Output each entry verbatim. Leave the images out.

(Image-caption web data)
☆ ☆ ☆ ☆

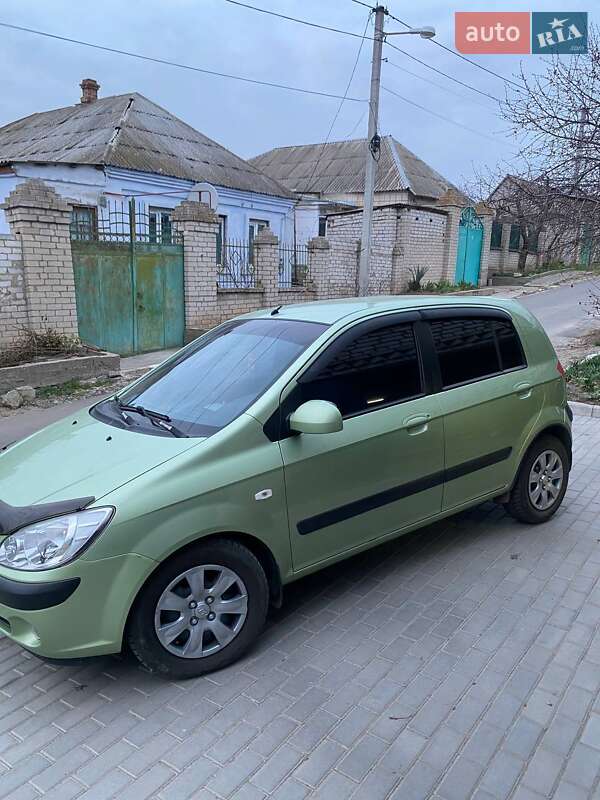 Хэтчбек Hyundai Getz 2007 в Николаеве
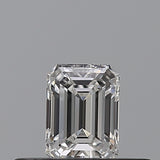 0.26 carat Emerald diamond E  VVS2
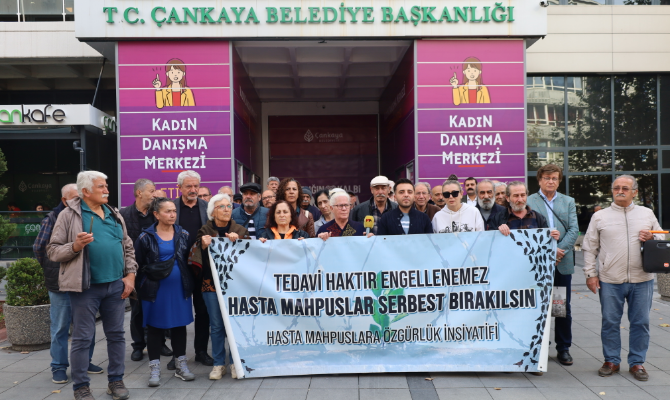 Üç kentte aynı çağrı: “Hasta mahpuslar serbest bırakılsın!”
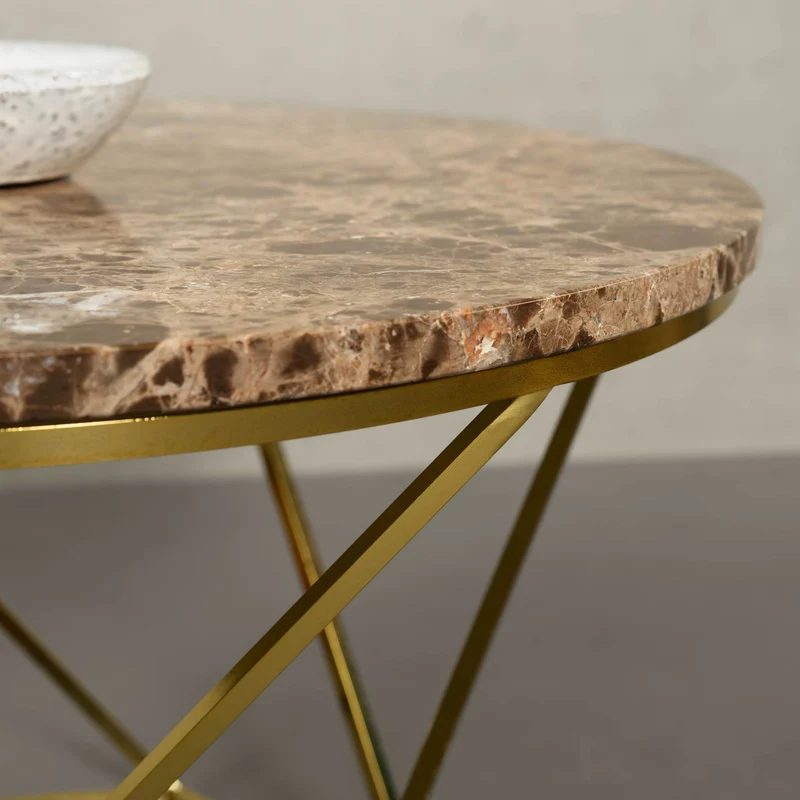 Venedig Marmor Couchtisch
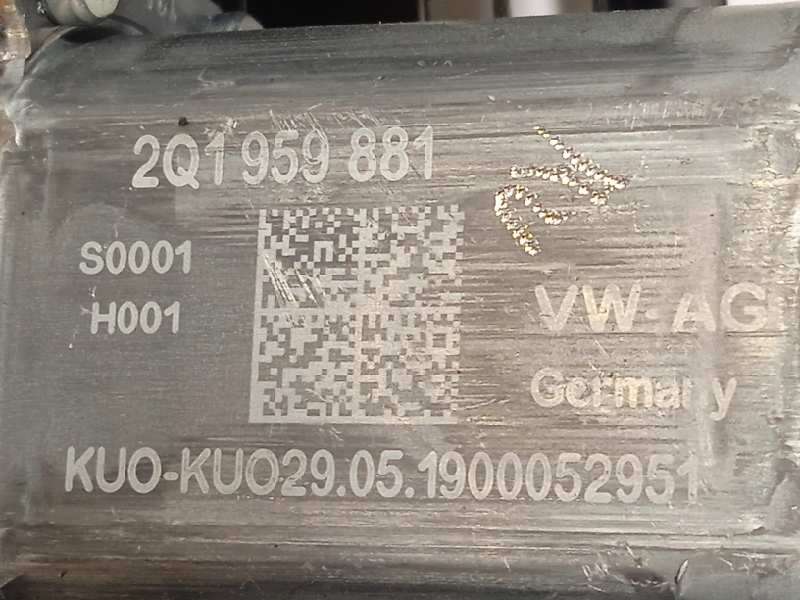 Recambio de elevalunas delantero izquierdo para seat ibiza (kj1) reference referencia OEM IAM 6F0837461A  2Q1959881 - Blanco 4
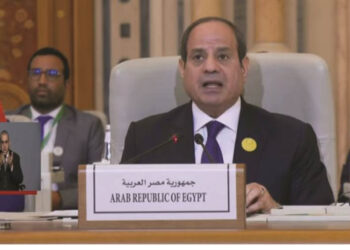 نص كلمة الرئيس السيسي في القمة العربية الإسلامية “غير العادية” بالرياض
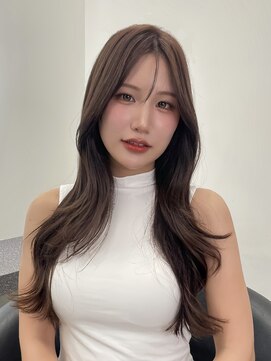 ノイズオオサカ 天王寺店(NOISM OSAKA) 20代30代40代ショートカットウルフカット韓国レイヤーカット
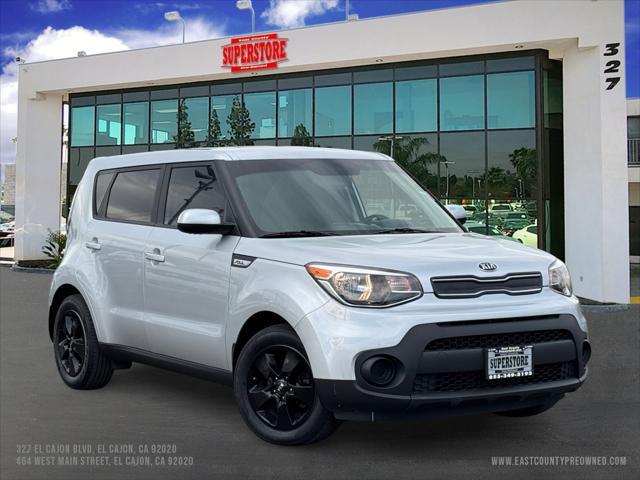 used 2017 Kia Soul car, priced at $9,994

☆ ☆ ☆ ☆

- Task solution:
 Хэтчбек Hyundai Getz 2007 в Николаеве
 0.26 carat Emerald diamond E  VVS2
 Üç kentte aynı çağrı: “Hasta mahpuslar serbest bırakılsın!”
 Venedig Marmor Couchtisch
 Recambio de elevalunas delantero izquierdo para seat ibiza (kj1) reference referencia OEM IAM 6F0837461A  2Q1959881 - Blanco 4
 نص كلمة الرئيس السيسي في القمة العربية الإسلامية “غير العادية” بالرياض
 ノイズオオサカ 天王寺店(NOISM OSAKA) 20代30代40代ショートカットウルフカット韓国レイヤーカット
 used 2017 Kia Soul car, priced at $9,994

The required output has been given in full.